En el ámbito parlamentario, por su parte, es evidente que la teatralización de la política permite un nivel de insultos y confrontación que contagia a toda la sociedad y ahonda en eso que ahora llamamos polarización. Las medidas que pongan freno a esa situación –una vez más– no pasan por dar más poder al gobierno de turno para reprimir la libertad de expresión o discusión de las minorías parlamentarias. Es necesario trazar normas objetivas, con el mínimo margen de interpretación, capaces de convertir en regla de derecho la cortesía parlamentaria. Aumentar la fidelidad de las preguntas orales al texto presentado, sancionar las interrupciones del orden parlamentario de manera uniforme y, sobre todo, pactar mecanismos independientes de autocontrol de los grupos parlamentarios ayudaría a reducir la agresividad y el ruido del enfrentamiento político en cortes y asambleas.

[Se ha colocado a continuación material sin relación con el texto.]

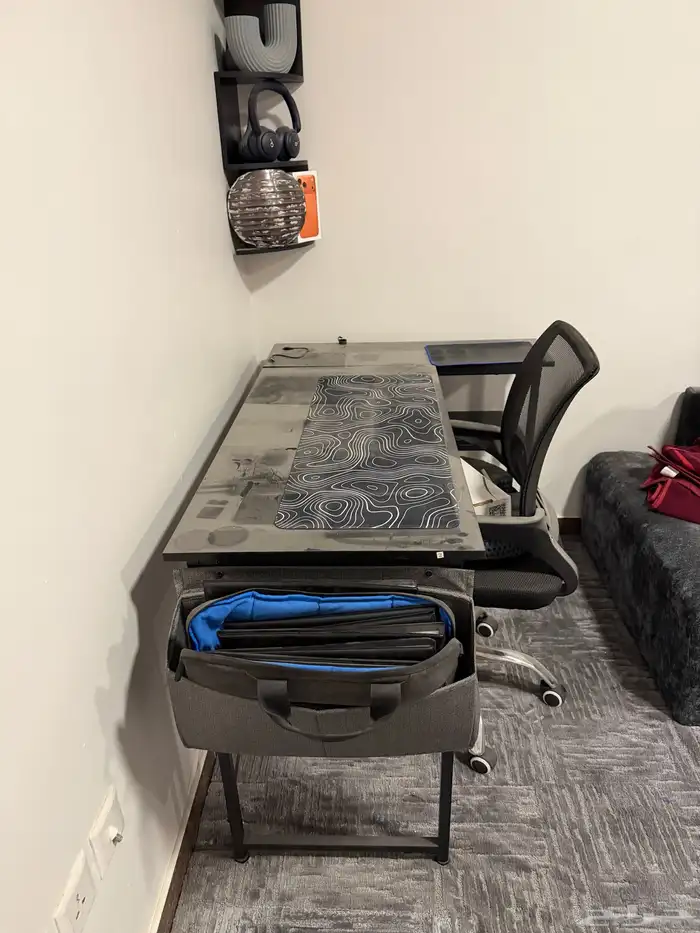 طاولة مكتب مع كرسي 3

Si además el Gobierno de progreso quiere aprovechar el momento para realmente ahondar en el carácter democrático de nuestro país, debe entonces actuar con la valentía que le ha faltado en los últimos seis años y reformar la conocida como ley mordaza. Debe resistir a las presiones de policías y funcionarios del orden e ir más allá de las meras revisiones cosméticas que ofrecían algunos de sus ministros más progresistas. Hay que acabar con el sistema sancionador que permite a un policía amedrentar a cualquier ciudadano con la amenaza de atribuirle una falta de respeto o una desobediencia que pueda concluir en sanción con la sola palabra del agente. El efecto que estas normas han tenido sobre el derecho a la protesta explica en gran manera la desmovilización de los movimientos sociales más comprometidos con los derechos humanos. 

En fin, hay margen para aumentar la calidad democrática de la sociedad. Lo imprescindible en este momento es tener altura de miras y respetar la arquitectura del Estado de derecho. No es el momento de la táctica. Los cambios más importantes son aquellos que no se ven de un día para otro, pero empapan definitivamente a la sociedad y crean dinámicas difíciles de revertir… aunque sean los que menos réditos proporcionan en un momento de política espectáculo y de permanente campaña electoral. Por eso haría falta un gobierno democrático y valiente. La alternativa será quedarse de nuevo en lo cosmético y lo partidista. Hasta que algún día, a base de oportunidades perdidas, nos quedemos del todo sin opciones y sin democracia.